Ein weiteres philosophisches Heilmittel gegen Stress und seine Folgen: Maßhalten. Was das für uns bedeutet? Wir sollten immer wieder innehalten und nachdenken. Was will ich eigentlich? Warum? Habe ich nicht schon genug? Unsere Begierden und Emotionen haben zwar einen großen Einfluss auf uns, wir sind ihnen aber nicht machtlos ausgeliefert. Die antiken Denker wussten: Jedem Wollen liegen ein Denken und ein Urteil zugrunde. Wir können überlegen, abwägen, Entschlüsse fassen. Folgen wir blind unseren Wünschen, werden unsere Ängste größer und größer. Denn je mehr wir begehren, desto schwerer ist es, alles zu erreichen. Vor allem dann, wenn die Erfüllung unserer Wünsche nicht in unserer Hand liegt oder vom Zufall abhängig ist. Die Folge ist auch, dass wir das, was wir haben, weniger genießen und wertschätzen können.

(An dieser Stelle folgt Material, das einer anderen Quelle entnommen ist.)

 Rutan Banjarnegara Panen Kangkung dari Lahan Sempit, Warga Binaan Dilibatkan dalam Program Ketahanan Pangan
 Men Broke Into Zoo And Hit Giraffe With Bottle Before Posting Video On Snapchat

Es ist wissenschaftlich erwiesen, dass Optimisten ...

... weniger Stresshormone ausschütten

... einen ruhigeren Herzschlag haben

... weniger Schmerz spüren

... einen niedrigeren Blutdruck haben

... sich seltener mit Erkältungsviren anstecken

... nach Impfungen mehr Antikörper produzieren

... sich nach Operationen zügiger erholen, weil ihre Wunden schneller heilen

... seltener an Demenzerkrankungen leiden

Kann positives Denken Kranke gesund machen?

Es gibt sie, die "Hardliner", die behaupten, jede(!) Krankheit lasse sich durch positives Denken heilen. Doch solche Aussagen sind nicht nur lebensgefährlich, sie schüren auch noch Schuldgefühle beim Erkrankten. Wie sich die Lebenseinstellung auf den Genesungsprozess von Patienten auswirkt – dazu gibt es widersprüchliche Meinungen. So untersuchten US-amerikanische Wissenschaftler den Krankheitsverlauf von Krebspatienten. Mit dem Ergebnis: Ob positiv oder negativ, ihre Einstellung hatte keinen Einfluss auf die Heilung. Allerdings wird diese Studie hitzig diskutiert. Denn andere Untersuchungen bestätigen, dass positives Gedankengut sehr wohl die Aktivität der Abwehrzellen erhöht und hilft, die Nebenwirkungen einer Krebstherapie besser zu verarbeiten. Das letzte Wort ist hier also noch nicht gesprochen.